3.3 Need for single window search interface

The repositories may be different in their coverage, software usage, nature of contents and most importantly in retrieval techniques and tools. As a result, it is difficult for end users search comprehensively these repositories that provide scholarly materials freely. This situation calls for the development of a single window search service covering all the repositories in a given domain of knowledge. Of course the repositories need to be compatible with interoperability standard(s) for building a search service on the basis of harvested metadata. These single windows search services (based on resource metadata) are advantageous to scholars and others as it brings them closer to uniform access interface for scholarly information bearing objects and cultural resources (Cole, 2003). Directory of Open Access Repositories (OpenDOAR) shows that there are around 2606 open access repositories as on 2014 and Registry of Open Access Repositories (ROAR) lists a total of 3612 institutional repositories. However, in LIS domain most of the IDRs are cross-institutional i.e. these repositories allow submission of scholarly materials globally.
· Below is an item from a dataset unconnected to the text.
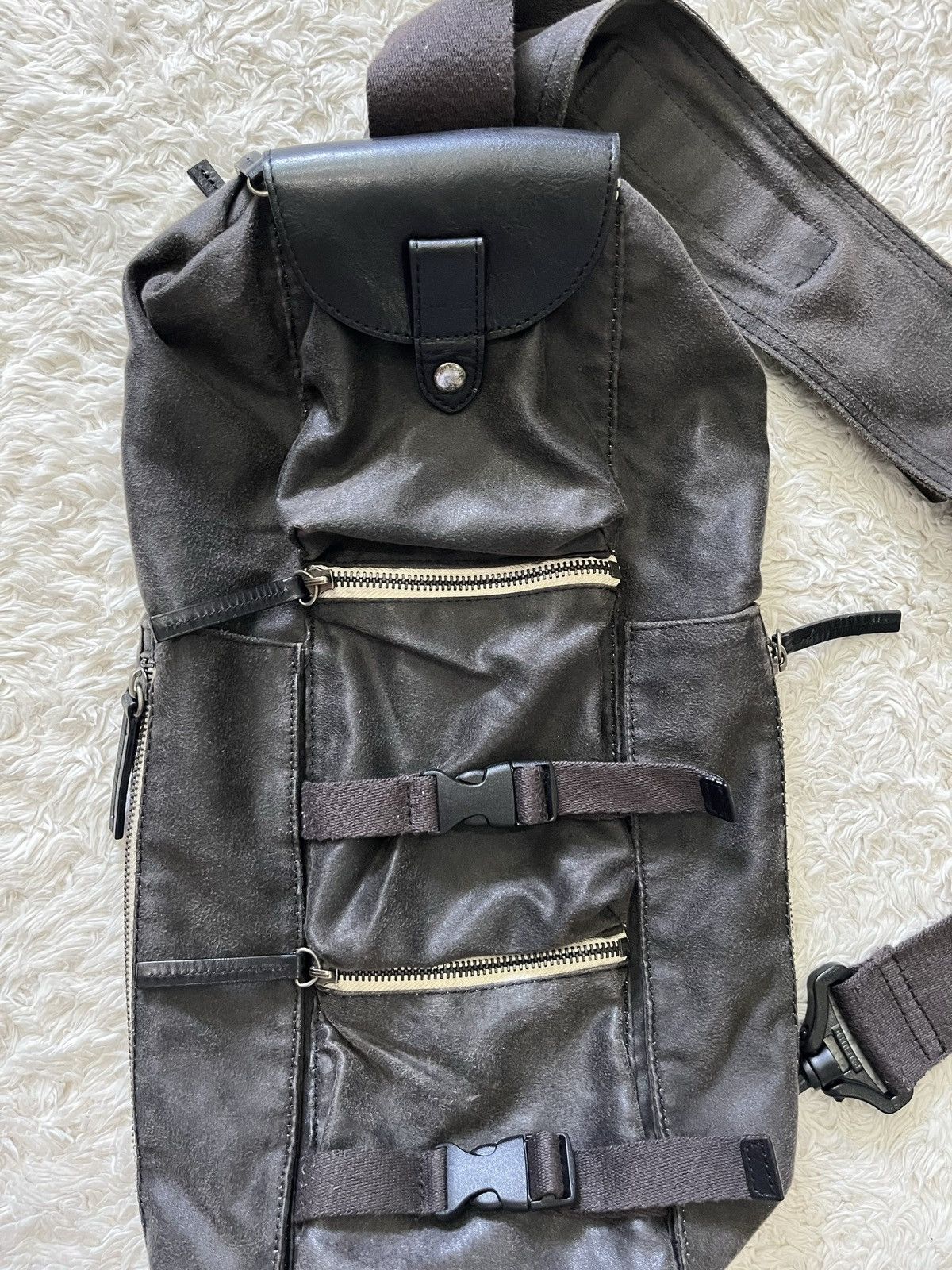 If Six Was Nine art berg "avant garde" mutltipocket utility crossbody bag Size ONE SIZE - 6 Thumbnail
Presently, 1685 open access repositories are OAI/PMH compatible in OpenDOAR among 2616 repositories (as on dated 19thMarch, 2014). Open DOAR repository includes 1554 multi-disciplinary subject fields in 2163 institutional repositories, 283 Disciplinary, 95 aggregating and 74 Governmental repositories. New services arise when the conditions are favorable. The emergence of the low-cost hardware, standardized software tools, open source software, open interoperability standards, low-cost communication devices, cheap storage devices, and distributed information system (open access journals, open access repositories, subject gateways) provided ideal ingredients for the development of a localized single window search interface for open access repositories (Chudnov, 1999). These single window search services can harvest metadata from different repositories that are open and compatible with interoperability standards. In such a system users can perform search centrally, display metadata of a resource from local server and retrieve full-text resource from the original server (may be anywhere in the world). As these services can be tuned to harvest metadata selectively, it may help in reducing cross-disciplinary semantic drift during search and retrieval.